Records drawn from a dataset

────────────────────

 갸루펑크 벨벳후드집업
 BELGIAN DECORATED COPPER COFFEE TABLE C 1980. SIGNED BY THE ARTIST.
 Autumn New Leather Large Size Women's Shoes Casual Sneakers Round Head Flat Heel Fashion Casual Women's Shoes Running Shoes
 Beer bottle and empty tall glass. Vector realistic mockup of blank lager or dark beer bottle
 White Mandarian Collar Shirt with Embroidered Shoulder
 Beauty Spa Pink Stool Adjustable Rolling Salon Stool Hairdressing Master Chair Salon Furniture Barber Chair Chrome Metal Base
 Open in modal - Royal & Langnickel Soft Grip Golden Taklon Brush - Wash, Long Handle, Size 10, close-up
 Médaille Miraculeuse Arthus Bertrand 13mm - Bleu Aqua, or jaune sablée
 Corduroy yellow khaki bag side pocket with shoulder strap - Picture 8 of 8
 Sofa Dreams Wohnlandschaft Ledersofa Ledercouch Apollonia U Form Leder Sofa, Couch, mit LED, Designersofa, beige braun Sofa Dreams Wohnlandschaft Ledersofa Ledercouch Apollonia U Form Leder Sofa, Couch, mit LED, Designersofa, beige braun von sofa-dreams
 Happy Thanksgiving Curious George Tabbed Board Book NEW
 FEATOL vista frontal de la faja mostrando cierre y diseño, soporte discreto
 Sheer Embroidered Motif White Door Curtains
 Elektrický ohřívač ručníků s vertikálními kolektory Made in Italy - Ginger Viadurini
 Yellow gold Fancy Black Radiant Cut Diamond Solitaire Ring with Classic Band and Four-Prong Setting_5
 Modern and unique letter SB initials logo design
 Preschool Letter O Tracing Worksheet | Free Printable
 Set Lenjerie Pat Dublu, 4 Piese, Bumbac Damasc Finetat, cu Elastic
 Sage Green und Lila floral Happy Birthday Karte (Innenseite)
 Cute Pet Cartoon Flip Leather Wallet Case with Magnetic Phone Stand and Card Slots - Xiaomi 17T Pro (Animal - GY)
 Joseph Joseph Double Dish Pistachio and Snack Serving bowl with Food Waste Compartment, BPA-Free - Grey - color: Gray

────────────────────

◆ **INSTRUCTIONS FOR THE TASK**
Please make an exact copy of every record, leaving nothing out.

◆ **EXERCISE OUTPUT**
 갸루펑크 벨벳후드집업
 BELGIAN DECORATED COPPER COFFEE TABLE C 1980. SIGNED BY THE ARTIST.
 Autumn New Leather Large Size Women's Shoes Casual Sneakers Round Head Flat Heel Fashion Casual Women's Shoes Running Shoes
 Beer bottle and empty tall glass. Vector realistic mockup of blank lager or dark beer bottle
 White Mandarian Collar Shirt with Embroidered Shoulder
 Beauty Spa Pink Stool Adjustable Rolling Salon Stool Hairdressing Master Chair Salon Furniture Barber Chair Chrome Metal Base
 Open in modal - Royal & Langnickel Soft Grip Golden Taklon Brush - Wash, Long Handle, Size 10, close-up
 Médaille Miraculeuse Arthus Bertrand 13mm - Bleu Aqua, or jaune sablée
 Corduroy yellow khaki bag side pocket with shoulder strap - Picture 8 of 8
 Sofa Dreams Wohnlandschaft Ledersofa Ledercouch Apollonia U Form Leder Sofa, Couch, mit LED, Designersofa, beige braun Sofa Dreams Wohnlandschaft Ledersofa Ledercouch Apollonia U Form Leder Sofa, Couch, mit LED, Designersofa, beige braun von sofa-dreams
 Happy Thanksgiving Curious George Tabbed Board Book NEW
 FEATOL vista frontal de la faja mostrando cierre y diseño, soporte discreto
 Sheer Embroidered Motif White Door Curtains
 Elektrický ohřívač ručníků s vertikálními kolektory Made in Italy - Ginger Viadurini
 Yellow gold Fancy Black Radiant Cut Diamond Solitaire Ring with Classic Band and Four-Prong Setting_5
 Modern and unique letter SB initials logo design
 Preschool Letter O Tracing Worksheet | Free Printable
 Set Lenjerie Pat Dublu, 4 Piese, Bumbac Damasc Finetat, cu Elastic
 Sage Green und Lila floral Happy Birthday Karte (Innenseite)
 Cute Pet Cartoon Flip Leather Wallet Case with Magnetic Phone Stand and Card Slots - Xiaomi 17T Pro (Animal - GY)
 Joseph Joseph Double Dish Pistachio and Snack Serving bowl with Food Waste Compartment, BPA-Free - Grey - color: Gray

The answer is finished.